The NRC oversees every civilian nuclear facility in the United States: reactors, fuel processing plants, research facilities, radioactive material storage. Its independence from political pressure isn’t an abstract principle – it’s structural. The entire architecture of civilian nuclear oversight is built on the assumption that technical safety decisions won’t be made by people who answer to whoever is in the White House. That’s been load-bearing since the 1970s.

Cohen was placed at the NRC through DOGE. He chaired technical meetings including one at Idaho National Laboratory. When NRC career staff raised radiation safety concerns, he reportedly dismissed them.

Whether he said that quote as fact, warning, or casual aside doesn’t matter. That’s not how a regulator is supposed to work. The NRC isn’t supposed to do whatever anyone tells it to do. That’s the entire point.
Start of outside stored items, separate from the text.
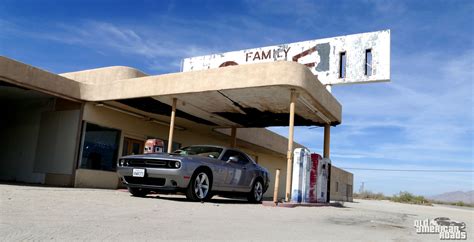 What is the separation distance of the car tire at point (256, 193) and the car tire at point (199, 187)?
1.92 meters

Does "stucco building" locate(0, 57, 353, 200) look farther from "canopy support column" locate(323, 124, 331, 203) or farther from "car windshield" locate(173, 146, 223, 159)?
"car windshield" locate(173, 146, 223, 159)

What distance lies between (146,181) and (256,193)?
367 cm

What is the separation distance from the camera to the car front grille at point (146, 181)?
9.70 meters

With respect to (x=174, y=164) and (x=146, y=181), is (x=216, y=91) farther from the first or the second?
(x=146, y=181)

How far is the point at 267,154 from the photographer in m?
29.6

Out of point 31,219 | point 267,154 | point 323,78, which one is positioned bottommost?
point 31,219

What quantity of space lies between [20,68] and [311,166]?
8947 millimetres

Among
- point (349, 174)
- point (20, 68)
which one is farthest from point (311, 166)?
point (349, 174)

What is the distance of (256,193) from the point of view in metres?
12.5

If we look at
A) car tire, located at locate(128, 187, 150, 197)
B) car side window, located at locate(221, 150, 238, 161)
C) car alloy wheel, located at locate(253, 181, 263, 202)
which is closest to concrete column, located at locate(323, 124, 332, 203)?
car alloy wheel, located at locate(253, 181, 263, 202)

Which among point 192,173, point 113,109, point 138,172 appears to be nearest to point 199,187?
point 192,173

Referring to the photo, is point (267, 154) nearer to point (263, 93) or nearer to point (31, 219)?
point (263, 93)

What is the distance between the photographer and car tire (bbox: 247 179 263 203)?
1229 cm

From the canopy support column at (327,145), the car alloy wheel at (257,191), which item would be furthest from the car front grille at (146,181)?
the canopy support column at (327,145) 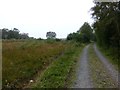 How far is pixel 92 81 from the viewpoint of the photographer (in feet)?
46.4

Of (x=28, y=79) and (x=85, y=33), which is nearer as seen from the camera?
(x=28, y=79)

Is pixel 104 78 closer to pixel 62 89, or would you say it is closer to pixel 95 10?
pixel 62 89

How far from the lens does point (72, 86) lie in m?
12.8

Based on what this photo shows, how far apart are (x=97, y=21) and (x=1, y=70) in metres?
27.9

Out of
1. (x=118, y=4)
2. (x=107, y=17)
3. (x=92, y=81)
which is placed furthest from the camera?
(x=107, y=17)

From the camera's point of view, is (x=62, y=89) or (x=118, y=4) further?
(x=118, y=4)

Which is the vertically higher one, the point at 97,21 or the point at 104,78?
the point at 97,21

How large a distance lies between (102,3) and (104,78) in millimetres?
20840

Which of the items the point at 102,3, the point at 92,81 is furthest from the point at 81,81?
the point at 102,3

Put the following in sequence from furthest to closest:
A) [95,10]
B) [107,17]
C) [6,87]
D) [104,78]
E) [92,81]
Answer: [95,10] < [107,17] < [104,78] < [92,81] < [6,87]

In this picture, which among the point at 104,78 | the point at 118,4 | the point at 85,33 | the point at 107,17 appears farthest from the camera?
the point at 85,33

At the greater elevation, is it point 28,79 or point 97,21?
point 97,21

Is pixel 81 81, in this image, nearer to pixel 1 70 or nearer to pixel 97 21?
pixel 1 70

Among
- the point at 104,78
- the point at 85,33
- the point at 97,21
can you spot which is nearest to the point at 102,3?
the point at 97,21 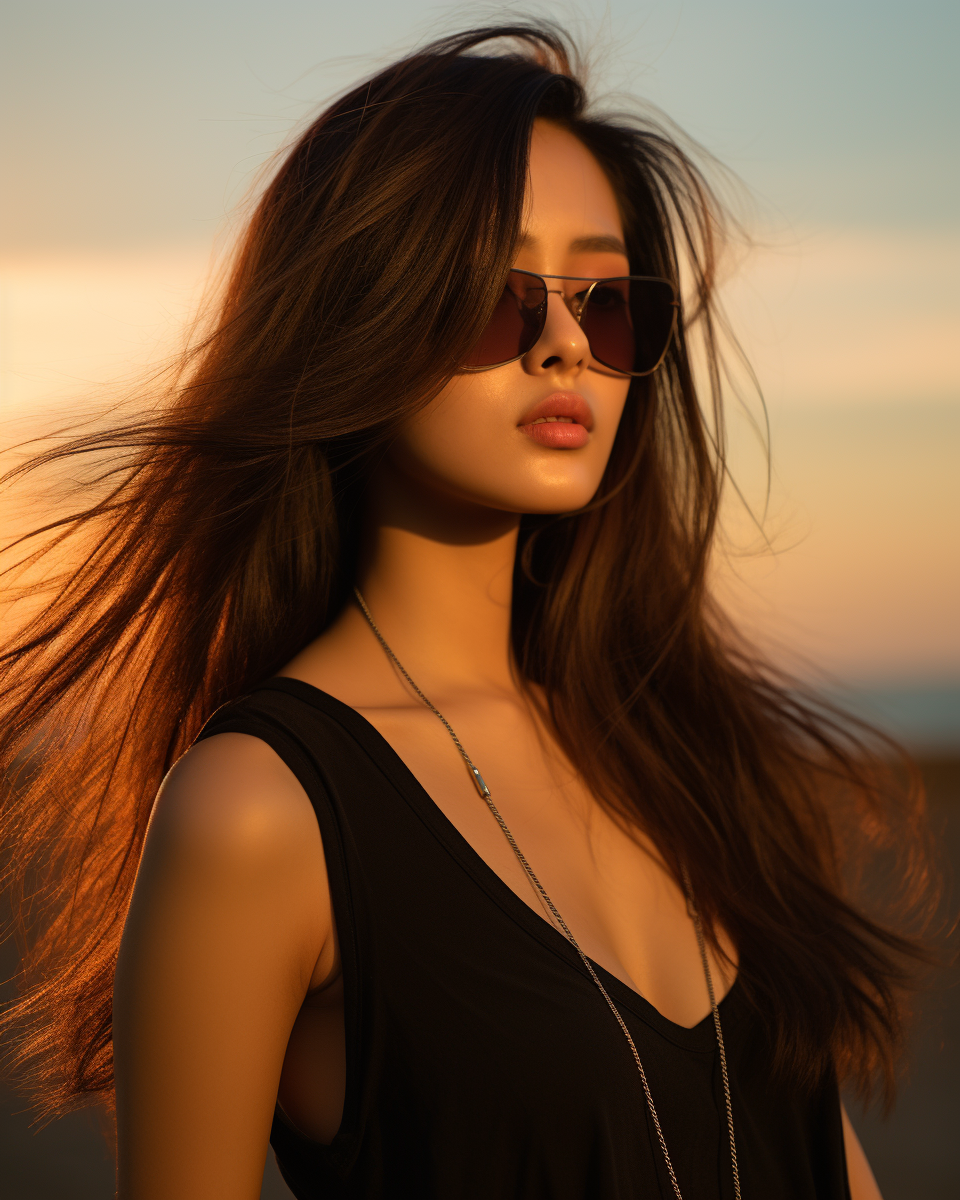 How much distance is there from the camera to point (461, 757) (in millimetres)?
1878

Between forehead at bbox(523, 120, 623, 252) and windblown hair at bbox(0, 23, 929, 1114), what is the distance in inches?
2.5

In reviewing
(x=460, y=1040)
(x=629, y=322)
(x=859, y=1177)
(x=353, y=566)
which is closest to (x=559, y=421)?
(x=629, y=322)

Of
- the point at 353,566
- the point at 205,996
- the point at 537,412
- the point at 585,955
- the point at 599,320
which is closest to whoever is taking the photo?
the point at 205,996

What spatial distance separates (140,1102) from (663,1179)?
2.54 ft

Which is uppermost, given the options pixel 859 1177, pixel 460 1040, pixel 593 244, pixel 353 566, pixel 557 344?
pixel 593 244

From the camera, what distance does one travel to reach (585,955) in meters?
1.62

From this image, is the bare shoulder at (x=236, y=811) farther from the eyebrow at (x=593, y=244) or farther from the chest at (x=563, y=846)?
the eyebrow at (x=593, y=244)

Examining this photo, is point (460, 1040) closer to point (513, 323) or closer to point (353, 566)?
point (353, 566)

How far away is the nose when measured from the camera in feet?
6.05

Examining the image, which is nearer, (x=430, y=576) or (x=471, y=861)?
(x=471, y=861)

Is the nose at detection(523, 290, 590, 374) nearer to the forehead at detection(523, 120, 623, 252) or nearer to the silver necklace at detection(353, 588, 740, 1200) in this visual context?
the forehead at detection(523, 120, 623, 252)

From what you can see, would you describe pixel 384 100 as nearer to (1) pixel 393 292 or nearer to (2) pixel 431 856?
(1) pixel 393 292

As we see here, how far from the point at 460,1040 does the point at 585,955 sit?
10.0 inches

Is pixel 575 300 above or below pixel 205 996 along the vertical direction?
above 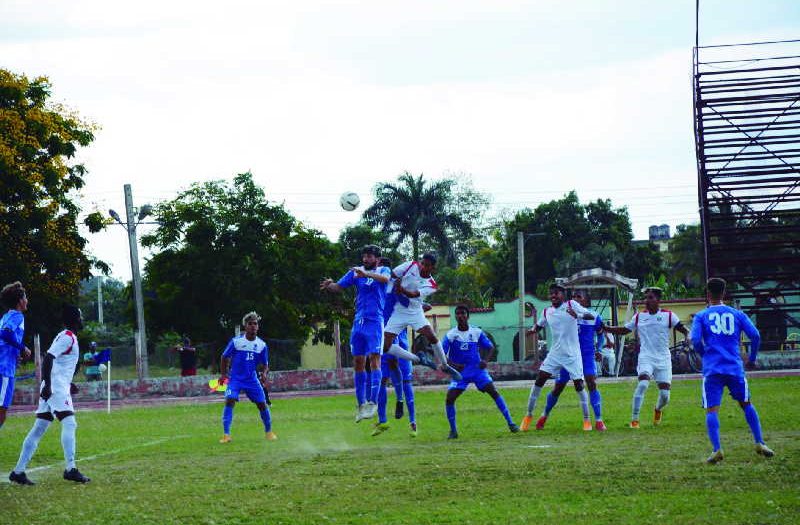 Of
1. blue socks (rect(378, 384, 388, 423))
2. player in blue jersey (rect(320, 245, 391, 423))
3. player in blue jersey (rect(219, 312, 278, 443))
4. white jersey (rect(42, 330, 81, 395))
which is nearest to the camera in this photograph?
white jersey (rect(42, 330, 81, 395))

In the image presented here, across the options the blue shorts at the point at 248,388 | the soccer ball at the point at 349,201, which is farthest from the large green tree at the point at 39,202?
the blue shorts at the point at 248,388

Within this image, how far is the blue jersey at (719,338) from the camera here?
13141 mm

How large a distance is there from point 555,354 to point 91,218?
3418 cm

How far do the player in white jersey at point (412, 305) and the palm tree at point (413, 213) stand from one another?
62.2 m

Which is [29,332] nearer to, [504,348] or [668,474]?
[504,348]

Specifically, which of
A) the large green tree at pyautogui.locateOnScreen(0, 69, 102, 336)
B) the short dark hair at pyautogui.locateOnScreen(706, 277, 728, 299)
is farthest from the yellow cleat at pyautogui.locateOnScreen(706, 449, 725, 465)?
the large green tree at pyautogui.locateOnScreen(0, 69, 102, 336)

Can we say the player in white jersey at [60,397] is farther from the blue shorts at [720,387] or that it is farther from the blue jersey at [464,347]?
the blue shorts at [720,387]

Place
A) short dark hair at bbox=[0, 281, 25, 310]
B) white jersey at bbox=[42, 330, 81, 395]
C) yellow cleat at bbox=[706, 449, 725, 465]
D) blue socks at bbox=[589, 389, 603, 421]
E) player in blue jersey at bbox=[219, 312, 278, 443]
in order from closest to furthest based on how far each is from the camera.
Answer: yellow cleat at bbox=[706, 449, 725, 465], white jersey at bbox=[42, 330, 81, 395], short dark hair at bbox=[0, 281, 25, 310], blue socks at bbox=[589, 389, 603, 421], player in blue jersey at bbox=[219, 312, 278, 443]

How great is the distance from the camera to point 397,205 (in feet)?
263

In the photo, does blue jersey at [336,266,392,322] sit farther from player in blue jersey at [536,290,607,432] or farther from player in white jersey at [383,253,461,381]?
player in blue jersey at [536,290,607,432]

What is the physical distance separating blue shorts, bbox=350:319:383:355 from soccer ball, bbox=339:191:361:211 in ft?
31.9

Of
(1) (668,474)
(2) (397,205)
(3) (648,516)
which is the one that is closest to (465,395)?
(1) (668,474)

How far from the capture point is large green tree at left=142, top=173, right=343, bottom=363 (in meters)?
51.9

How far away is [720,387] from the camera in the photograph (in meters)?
13.2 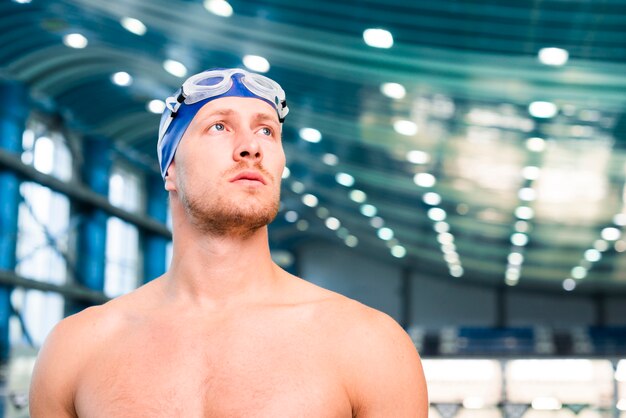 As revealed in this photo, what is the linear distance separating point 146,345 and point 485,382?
54.5ft

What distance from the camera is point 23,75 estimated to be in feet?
90.9

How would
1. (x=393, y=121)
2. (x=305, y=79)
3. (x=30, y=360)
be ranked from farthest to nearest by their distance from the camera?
(x=393, y=121), (x=305, y=79), (x=30, y=360)

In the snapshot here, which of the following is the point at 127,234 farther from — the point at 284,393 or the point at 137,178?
the point at 284,393

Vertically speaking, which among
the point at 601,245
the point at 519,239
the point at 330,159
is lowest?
the point at 601,245

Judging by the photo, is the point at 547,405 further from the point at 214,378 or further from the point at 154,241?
the point at 154,241

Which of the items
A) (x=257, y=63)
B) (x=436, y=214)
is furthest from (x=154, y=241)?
(x=257, y=63)

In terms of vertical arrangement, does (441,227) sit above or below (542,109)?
above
The timing makes this worse. Oil prices roughly doubled after the Iran War, which has accelerated every political push for nuclear energy. More reactors, faster permitting, expanded capacity. When pressure to approve and accelerate nuclear projects is at its highest, the safety regulator needs to be most technically grounded and most insulated from political interference. The opposite appears to be happening.

Nuclear facilities are also increasingly targeted by cyberattacks. The NRC sets cybersecurity requirements for these facilities, reviews security programs, inspects and enforces. Strip the technical rigor out of that agency, insert someone who views it as subordinate to political direction, and the entire chain weakens.

NRC career staff were raising safety concerns. They got dismissed. Someone with nuclear expertise should be in those rooms.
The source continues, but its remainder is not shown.